▼

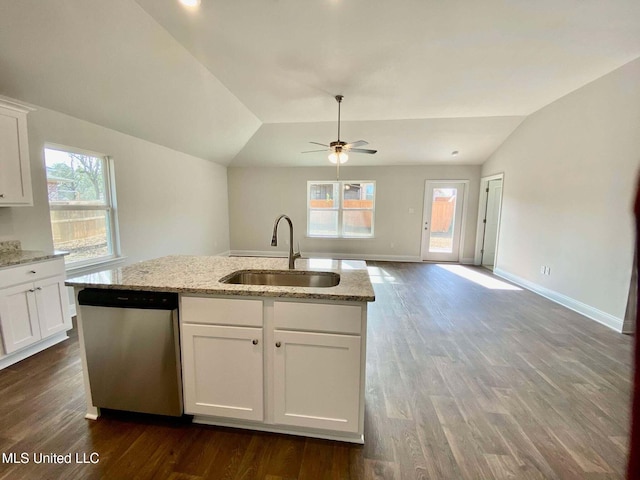 kitchen featuring sink, white cabinetry, light stone counters, dishwasher, and a kitchen island with sink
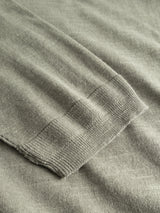 Close-up of the BGmonty Knit - Shadow Green by Blue de Gênes, highlighting the finely stitched sleeve cuff. The cotton linen blend’s texture stands out on a matching surface.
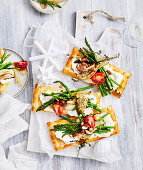Goat's cheese tarts with green asparagus, garlic and tomatoes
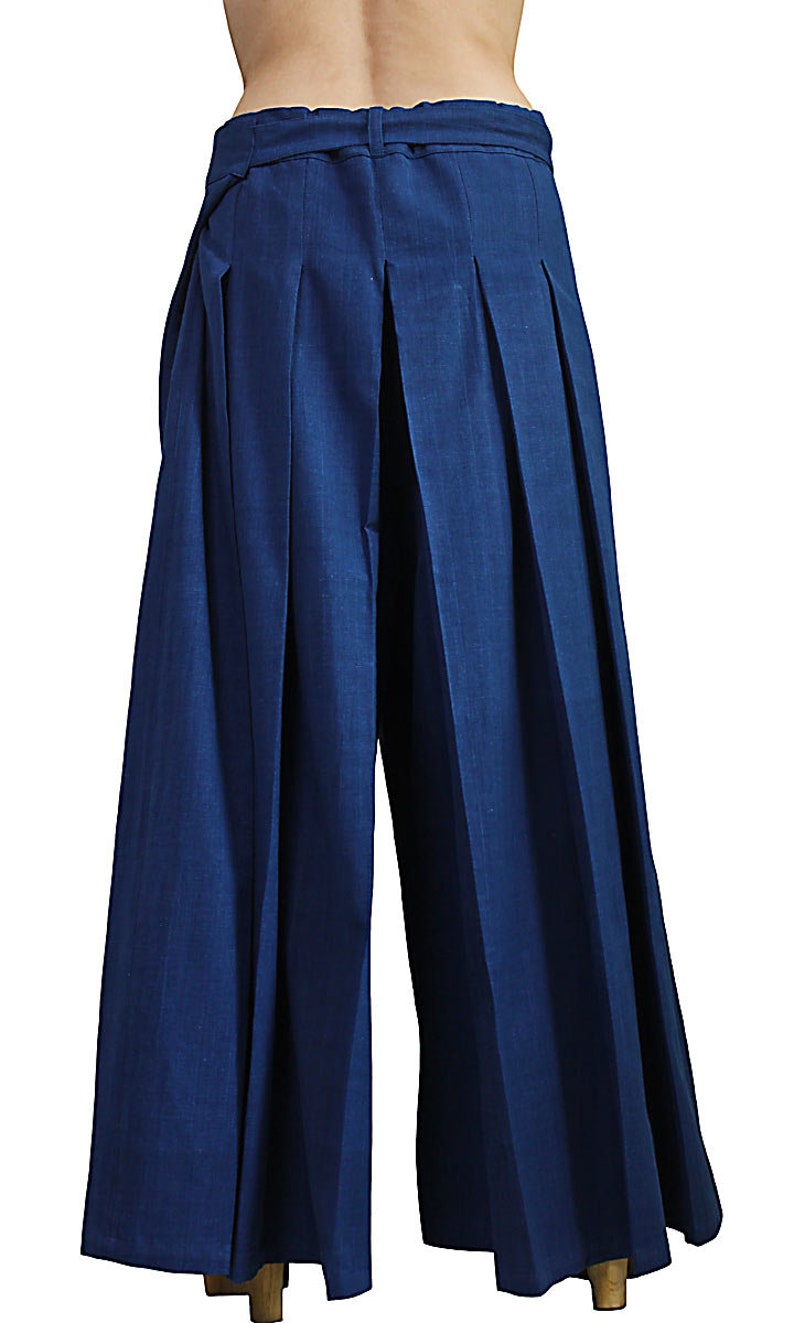 May include: Dark blue wide-leg pants with pleats and a waistband with a tie.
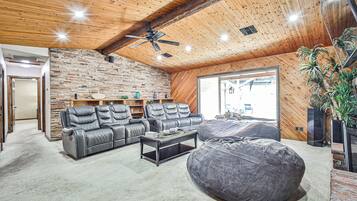 Un salón amplio con pared de piedra, sofás de cuero, un sillón tipo alforza y un ventilador de techo.
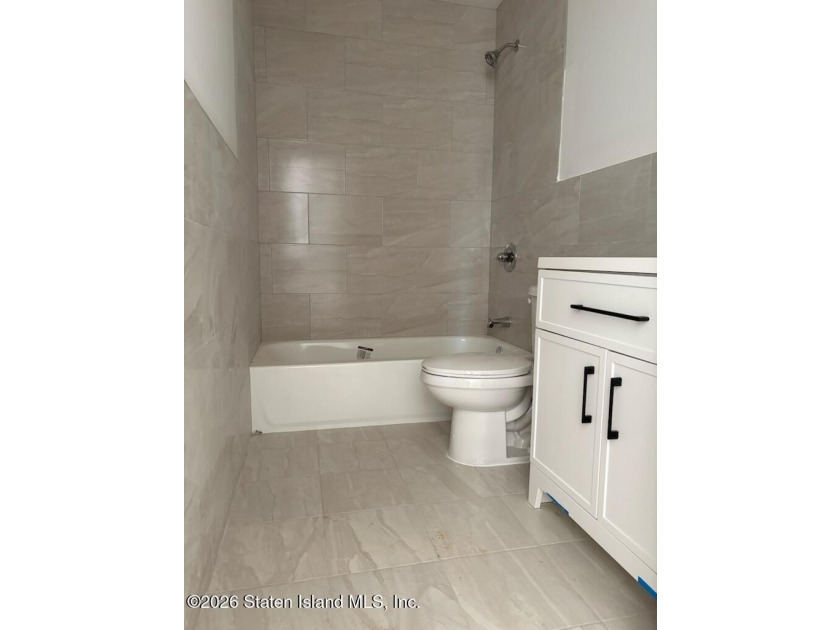 NEW CONSTRUCTION. Beautiful 2 Family 6 over 6 located on - photo 5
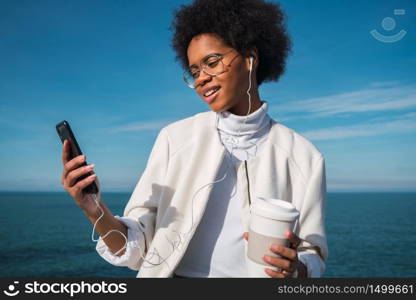 Portrait of young beautiful latin woman using her mobile phone with earphones and holding a cup of coffee, with the sea at background. Communication and technology concept.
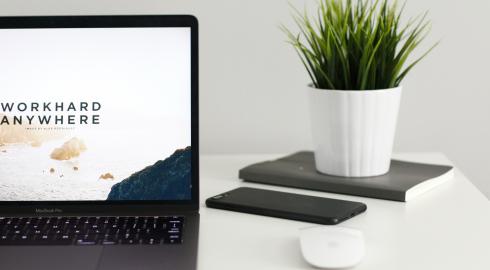 Open laptop on a table with a mouse, mobile device and small potted plant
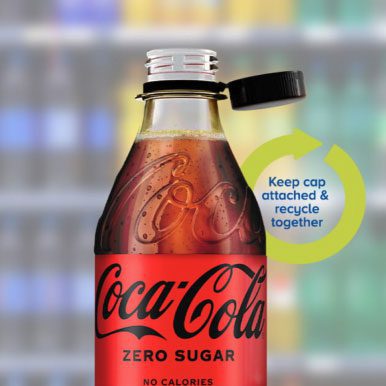 Clear plastic soda bottle with a tethered cap strap attached to its neck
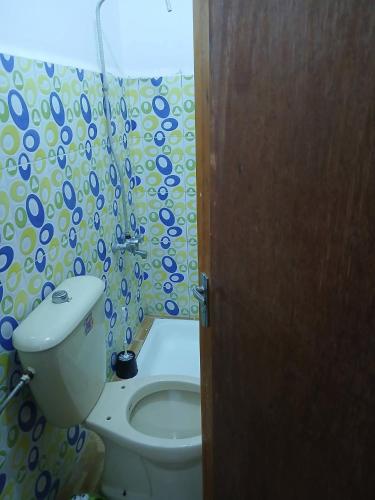 a bathroom with a toilet and a shower curtain at Lovely hotel in Al Qābūţī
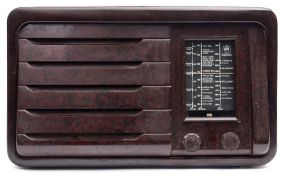 A brown bakelite Model D111 receiver by Masteradio Ltd:,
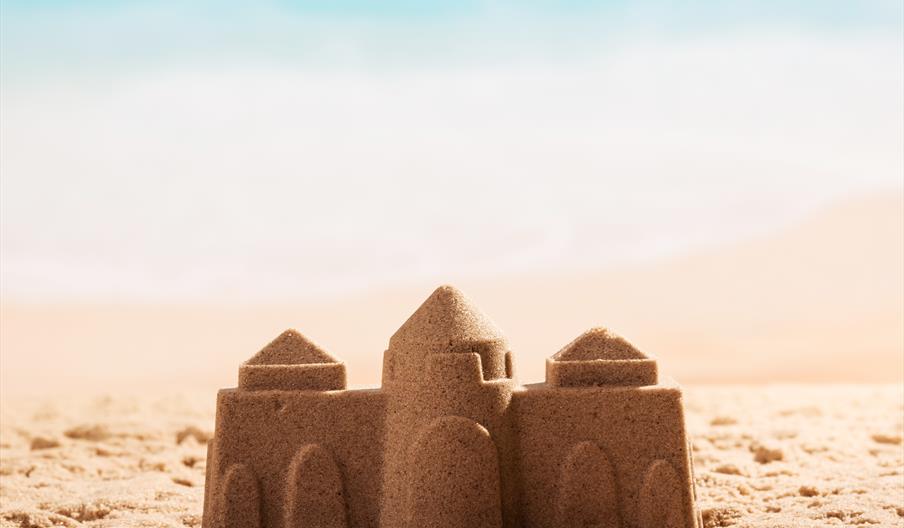 Image shows a sandcastle on a beach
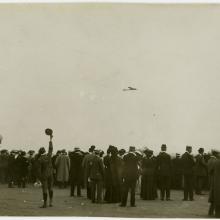 A crowd of people, some cheering, looking toward the sky where an airplane can be seen in the distance.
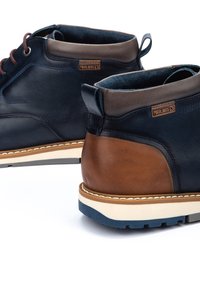 Dark blue leather ankle boots feature brown leather accents, beige sole, and round laces. Pikolinos branding visible on the side.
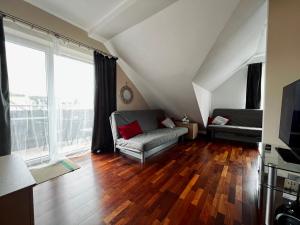 a living room with a couch and a large window at Apartament Topolowa 2 in Dębki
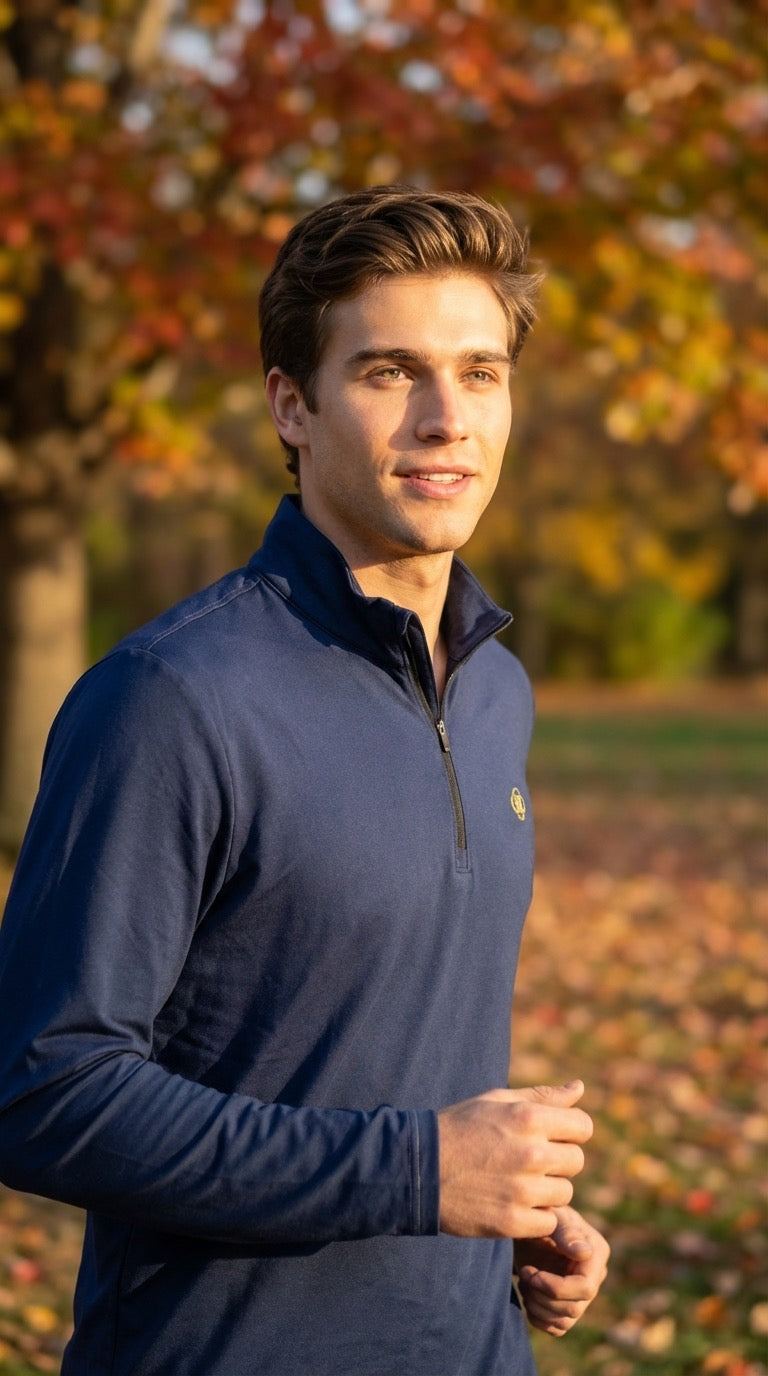 Man wearing a navy blue pullover in an outdoor setting with trees and leaves.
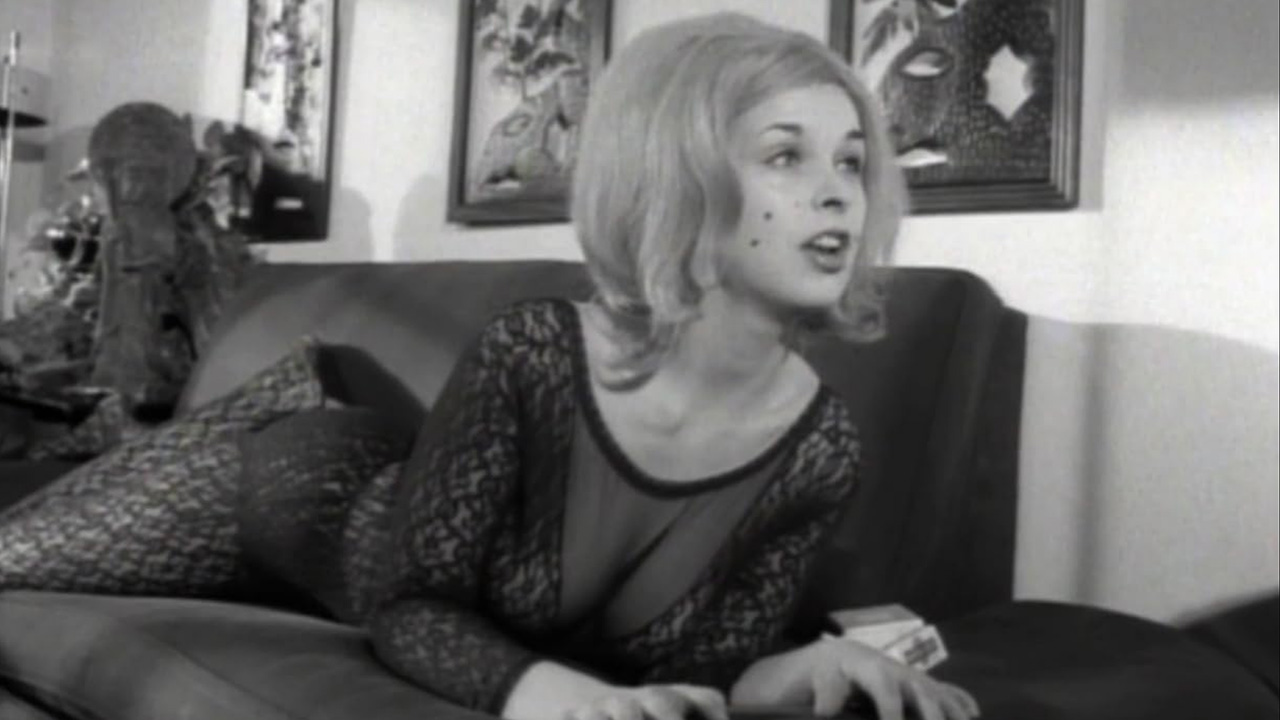 What Is Exploitation Cinema? Definition & Key Examples 14 A woman in a see-through lace outfit lies on a couch, speaking with expressive body language in Bad Girls Go to Hell (1965).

▲

[Try it] Look above for the line containing "A crowd of people, some"; output that line and all lines after it through the last one exactly, without the pictures.

[Result below]
 A crowd of people, some cheering, looking toward the sky where an airplane can be seen in the distance.
 Dark blue leather ankle boots feature brown leather accents, beige sole, and round laces. Pikolinos branding visible on the side.
 a living room with a couch and a large window at Apartament Topolowa 2 in Dębki
 Man wearing a navy blue pullover in an outdoor setting with trees and leaves.
 What Is Exploitation Cinema? Definition & Key Examples 14 A woman in a see-through lace outfit lies on a couch, speaking with expressive body language in Bad Girls Go to Hell (1965).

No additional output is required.